The seaborne metallurgical coal market is entering Q1 2023 on a strong note amid growing hopes for easing trade between China and Australia and possibility of wet weather conditions in Queensland.

 

The benchmark Platts premium low-volatile hard coking coal prices, basis FOB Australia, increased $24/mt, or 9%, quarter-on-quarter to $294.50/mt, while PLV CFR China was up $7/mt or 2%, to $315/mt at the end of Q4.

 

Meanwhile, wetter than average January to March for eastern Queensland forecast by Australia's Bureau of Meteorology could lead to a third consecutive year of supply disruption from Australia.

China a key swing factor in 2023

The global volume of seaborne met coal spot trades fell 52% year on year to 9.8 million mt in 2022. S&P Global Commodity Insights observed a total of 193 spot transactions for seaborne met coal in the year, comprising premium, second-tier, semi-hard and semisoft coking coal, and pulverized coal injection coal used for steelmaking.
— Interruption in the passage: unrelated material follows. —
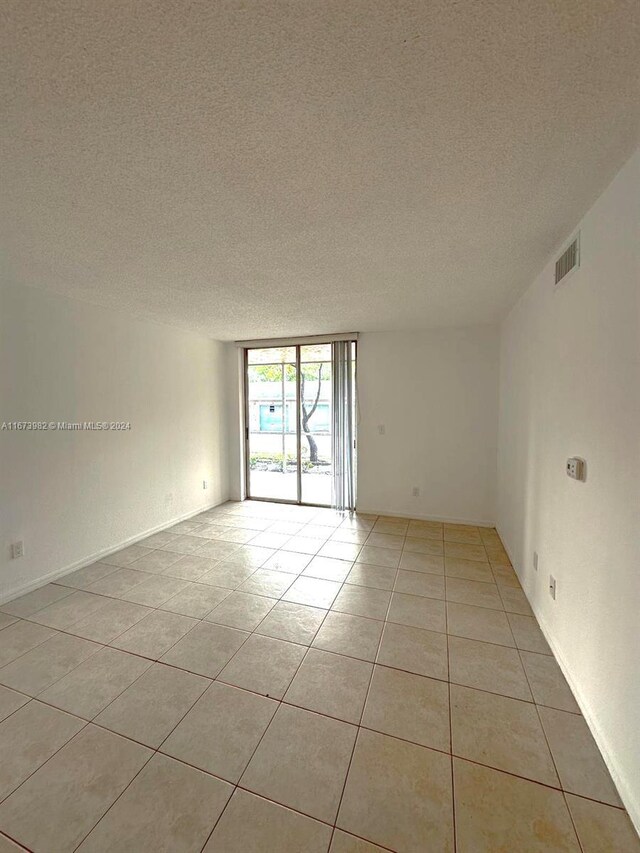 4045 W Mcnab Rd Unit 106G, Pompano Beach, FL 33069 - spare room featuring a textured ceiling, light tile patterned floors, a wall of windows, and baseboards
This was compared with the 20.6 million mt of spot transactions observed by S&P Global in 2021. Out of all deals reported for 2022, a majority 83% was observed to be premium hard coking coal (PHCC), followed by pulverized coal injection (PCI) coal at 15%. About 90% of the PHCC spot transactions seen were for cargos bound for ex-Chinese markets for 2022.

Some market participants argue that the spot market could be seeing the light at the end of the tunnel, with an improving geopolitical relationship between China and Australia, potentially leading to the return of China for spot Australian coal in 2023. Based on the S&P Global data, up to 80% of the spot market liquidity was observed concluded on CFR China basis across varying grades of met coal prior to the unofficial ban in Q4 2020.

China is close to lifting a more than two-year-old unofficial ban on Australian thermal and coking coal imports for its power and steel plants, as the country looks to expand its procurement origins and reduce trade flow disruptions following the Russia-Ukraine war, several market sources in China, Singapore and Indonesia told S&P Global earlier this month.